◆ What you should do
Please write out the records exactly.

Top of Task material

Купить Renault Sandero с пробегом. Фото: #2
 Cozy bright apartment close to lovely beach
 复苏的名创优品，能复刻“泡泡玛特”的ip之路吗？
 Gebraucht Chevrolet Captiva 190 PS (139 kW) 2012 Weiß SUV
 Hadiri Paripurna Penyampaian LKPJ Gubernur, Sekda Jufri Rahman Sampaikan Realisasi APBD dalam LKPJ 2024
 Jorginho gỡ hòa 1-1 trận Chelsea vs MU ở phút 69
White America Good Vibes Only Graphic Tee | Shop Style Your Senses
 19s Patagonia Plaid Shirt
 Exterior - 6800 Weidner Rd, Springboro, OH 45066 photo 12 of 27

Bottom of Task material

◆ Result below
Купить Renault Sandero с пробегом. Фото: #2
 Cozy bright apartment close to lovely beach
 复苏的名创优品，能复刻“泡泡玛特”的ip之路吗？
 Gebraucht Chevrolet Captiva 190 PS (139 kW) 2012 Weiß SUV
 Hadiri Paripurna Penyampaian LKPJ Gubernur, Sekda Jufri Rahman Sampaikan Realisasi APBD dalam LKPJ 2024
 Jorginho gỡ hòa 1-1 trận Chelsea vs MU ở phút 69
White America Good Vibes Only Graphic Tee | Shop Style Your Senses
 19s Patagonia Plaid Shirt
 Exterior - 6800 Weidner Rd, Springboro, OH 45066 photo 12 of 27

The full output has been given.